Me descubrí pensando en hijos, en el poder curativo de la sonrisa de un niño, y me asusté. Quizás el reloj biológico también hacía resonar sus inquietos mecanismos en mi interior. Resulta curioso como nuestro inconsciente animal intenta traicionar a nuestras decisiones y pensamientos. No, definitivamente no quería traer a un nuevo ser a este extraño mundo (ni tampoco tenía la posibilidad), pero los tiempos muertos dan lugar a reflexiones que son capaces de sorprender a uno mismo.

Entre las hojas del seto podía ver, a medias, el perfil de Paco, su chepa y sus mandíbulas moviéndose a un meticuloso compás. No sé si era prisa, pero desde luego parecía tener otras cosas que hacer, y puede que sintiera cierta vergüenza de estar allí.

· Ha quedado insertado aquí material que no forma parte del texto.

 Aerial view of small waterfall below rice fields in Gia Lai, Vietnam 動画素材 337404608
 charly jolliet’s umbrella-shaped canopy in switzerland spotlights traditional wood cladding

Al fin terminó de comer, con una prolongada succión a la pajita del refresco. Bajó la ventanilla, dejó los desperdicios junto al coche y arrancó. Yo también me puse en marcha.

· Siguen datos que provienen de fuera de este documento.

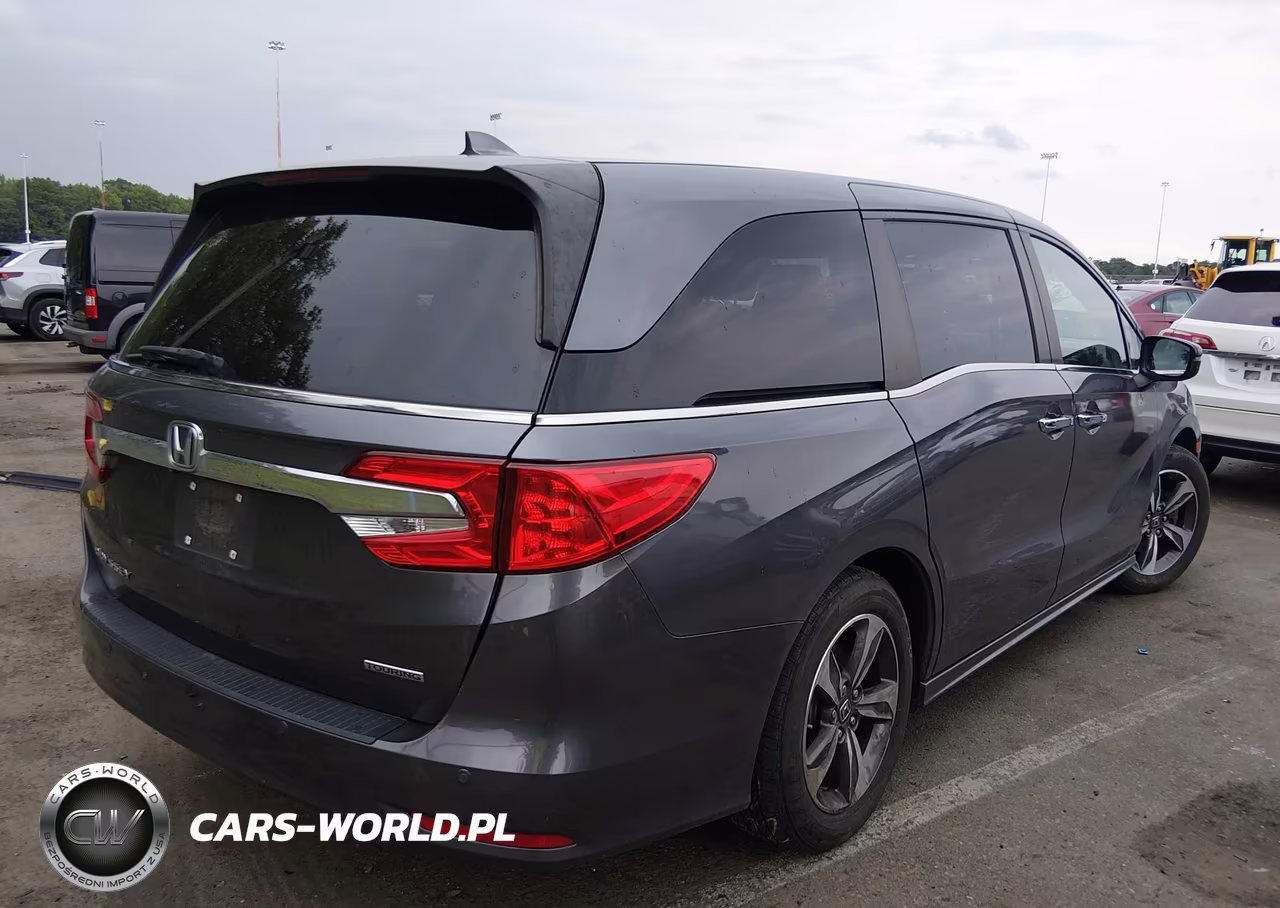2019 Honda Odyssey Touring VIN:5FNRL6H80KB061820 - 4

Siguió su camino por la avenida principal durante muchos minutos, hasta el punto en que ésta se convirtió en una calle estrecha en la que dejaron de verse tantos vehículos, y tuve que extremar las precauciones. La vía, llamada avenida del Diamante, serpenteaba cuesta arriba entre chalets ocultos tras altas y elaboradas verjas; era el barrio rico de la ciudad.

Llegó un momento en el que su coche y el mío eran los únicos que rompían el silencio de aquella vía. Frené hasta que su vehículo fue solo un punto gris alejándose. Las parcelas de casas dieron paso a solares casi vírgenes, separados de la carretera por un viejo quitamiedos de ladrillo descamado. A dónde cojones vas, pensé.

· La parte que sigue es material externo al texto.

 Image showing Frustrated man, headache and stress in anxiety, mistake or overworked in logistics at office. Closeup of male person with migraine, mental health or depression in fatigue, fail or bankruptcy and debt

Al rato giró a la derecha, entrando en una parcela con dos inmensas puertas enrejadas y negras, abiertas de par en par. Siguió hacia un caminito de tierra enmarcado por dos inmensas y bien cuidadas palmeras, que destacaban sobre la silueta de una inmensa casa. Era imposible seguirle de forma segura en aquel punto, así que detuve el coche a un lado de la calzada y continué a pié.

Pasé entre la sombra juguetona de las palmeras, que se mecían ligeramente con el viento. El edificio era una casona enorme y rehabilitada, de tres plantas de altura. Junto a la puerta de entrada, un gran letrero rezaba: «Casa Damaris».